The English Parliament and the king had repeated disputes over taxation, military expenditure, and the role of the Parliament in government. While James I had held much the same opinions as his son regarding Royal Prerogatives, he had discretion and charisma enough to often persuade Parliamentarians to his thinking. Charles had no such skill; faced with institution crises during 1639–1642, he failed to prevent his kingdoms from sliding into civil war. When Charles approached the Parliament to pay for a campaign against the Scots, they refused; they then declared themselves to be permanently in session—the Long Parliament—and soon presented Charles with a long list of civil and religious grievances requiring his remedy before they would approve any new legislation.

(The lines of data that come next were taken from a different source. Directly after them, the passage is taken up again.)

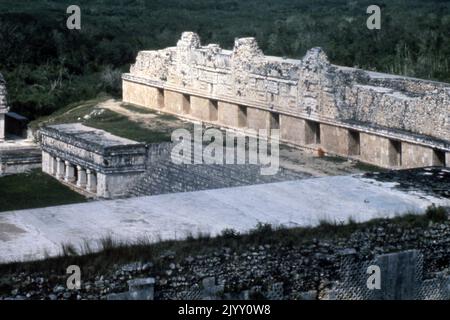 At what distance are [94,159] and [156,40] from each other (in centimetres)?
2742

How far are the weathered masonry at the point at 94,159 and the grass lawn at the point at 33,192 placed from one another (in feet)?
1.08

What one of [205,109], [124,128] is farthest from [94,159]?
[205,109]

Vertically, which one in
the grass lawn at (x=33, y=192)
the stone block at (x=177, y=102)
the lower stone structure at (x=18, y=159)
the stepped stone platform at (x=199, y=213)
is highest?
the stepped stone platform at (x=199, y=213)

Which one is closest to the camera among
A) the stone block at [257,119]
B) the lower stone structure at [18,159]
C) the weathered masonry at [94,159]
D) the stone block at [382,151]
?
the stone block at [382,151]

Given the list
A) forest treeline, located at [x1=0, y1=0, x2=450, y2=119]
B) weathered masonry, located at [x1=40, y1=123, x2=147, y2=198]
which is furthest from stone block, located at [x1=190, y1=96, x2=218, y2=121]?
forest treeline, located at [x1=0, y1=0, x2=450, y2=119]

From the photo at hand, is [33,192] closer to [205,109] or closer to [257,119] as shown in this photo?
[205,109]

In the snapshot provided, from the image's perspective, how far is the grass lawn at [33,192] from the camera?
68.7ft

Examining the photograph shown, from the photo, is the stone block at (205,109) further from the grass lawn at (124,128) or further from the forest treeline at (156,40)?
the forest treeline at (156,40)

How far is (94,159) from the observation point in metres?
22.3

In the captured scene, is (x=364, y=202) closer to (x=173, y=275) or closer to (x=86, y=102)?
(x=173, y=275)

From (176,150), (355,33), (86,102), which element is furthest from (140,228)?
(355,33)

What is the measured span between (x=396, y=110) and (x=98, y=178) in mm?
6905

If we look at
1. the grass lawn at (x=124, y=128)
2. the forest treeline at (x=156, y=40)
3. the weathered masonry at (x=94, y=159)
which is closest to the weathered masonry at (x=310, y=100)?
the grass lawn at (x=124, y=128)

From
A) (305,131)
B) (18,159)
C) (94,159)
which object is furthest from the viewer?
(18,159) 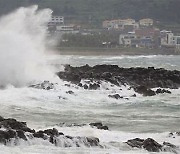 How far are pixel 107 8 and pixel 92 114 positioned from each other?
107 m

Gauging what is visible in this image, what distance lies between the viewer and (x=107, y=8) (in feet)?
414

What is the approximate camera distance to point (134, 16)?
126438 millimetres

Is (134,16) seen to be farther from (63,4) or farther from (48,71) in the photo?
(48,71)

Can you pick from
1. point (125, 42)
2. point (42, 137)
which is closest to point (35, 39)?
point (42, 137)

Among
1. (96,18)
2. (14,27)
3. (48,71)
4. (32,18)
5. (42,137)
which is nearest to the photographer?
(42,137)

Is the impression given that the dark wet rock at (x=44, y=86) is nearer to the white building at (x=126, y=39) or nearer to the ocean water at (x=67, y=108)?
the ocean water at (x=67, y=108)

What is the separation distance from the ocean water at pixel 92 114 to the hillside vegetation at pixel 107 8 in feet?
300

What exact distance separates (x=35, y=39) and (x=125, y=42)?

Meanwhile, in the Kingdom of Ireland proclaimed such(a) in 1541 but only fully conquered for the Crown in 1603, tensions had also begun to mount. Thomas Wentworth, Charles I's Lord Deputy of Ireland, angered Roman Catholics by enforcing new taxes while denying them full rights as subjects; he further antagonised wealthy Irish Catholics by repeated initiatives to confiscate and transfer their lands to English colonists. Conditions became explosive in 1639 when Wentworth offered Irish Catholics some reforms in return for their raising and funding an Irish army led by Protestant officers to add down the Scottish rebellion. The theory of an Irish Catholic army enforcing what numerous saw as already tyrannical government horrified both the Scottish and the English Parliaments, who in response threatened to invade Ireland.